Case Histories

(Inlet Relocation)  (Reservoir Clean-up)


Inlet Relocation
In New Hanover County, North Carolina, the Mason Inlet, which separated Figure Eight Island from Wrightsville Beach, had migrated over a half-mile south and threatened property on Wrightsville Beach, only a thin line of sandbags and tubes holding the inlet back from Shell Island Resort.

Objectives:
relocate the inlet to its previous location, 3,000 feet to the north.
improve water quality via increased flushing of the Intracoastal Waterway and other inland waters;
provide sand to renourish the 10,000 feet of Figure Eight Beach recreation area.

Obstacles:
Dredging could only be done between November 15 and March 31, a deadline set by the Army Corps of Engineers to protect nesting sea turtles. Southwind Construction was able to begin construction December 27, 2001.

Operations & Results:
Southwind first erected 7-foot sand “geotubes” on a sand spit for a 700- by 250-foot stockpile area to hold 260,000 cubic yards of sand.
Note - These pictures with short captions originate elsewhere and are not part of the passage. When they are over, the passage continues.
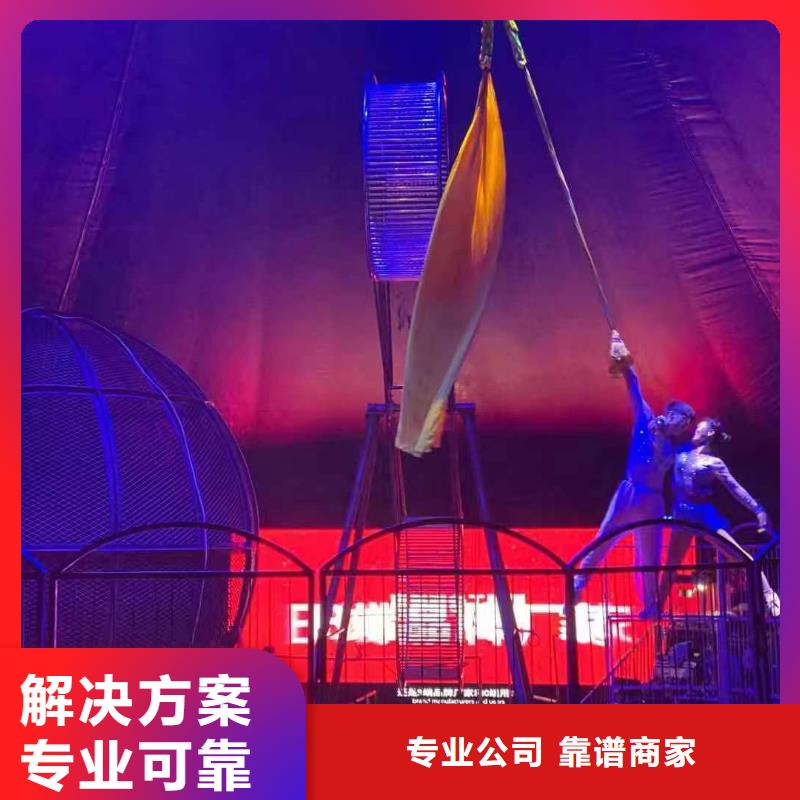 羊驼出售丰富多彩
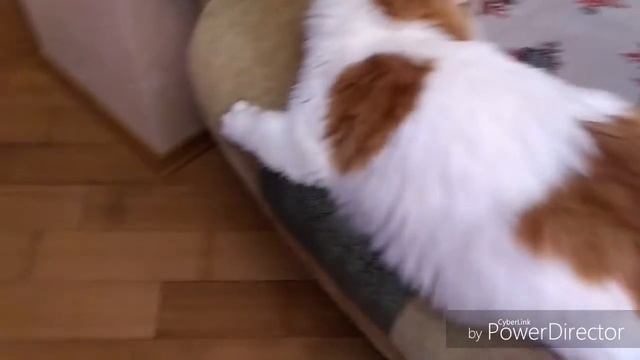 Мой кот Кузя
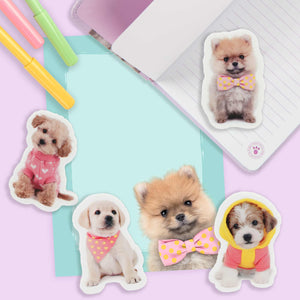STUDIO PETS – 2D-SHAPED-ERASERS PUPPIES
This sand was dredged from the New Mason Inlet and would be used to fill in the old inlet.
A second dredge sprayed sand from the new inlet channel directly onto Figure Eight Island’s beach to rebuild 10,000 feet of eroded beach
By mid-March, two "plugs" were removed; one “plug” between the Atlantic Ocean and Mason Creek, the other “plug” between Mason Creek and the Intracoastal Waterway. This formed the New Mason Inlet.
March 20, Southwind bulldozed sand from the stockpile area into the old inlet, filling the channel.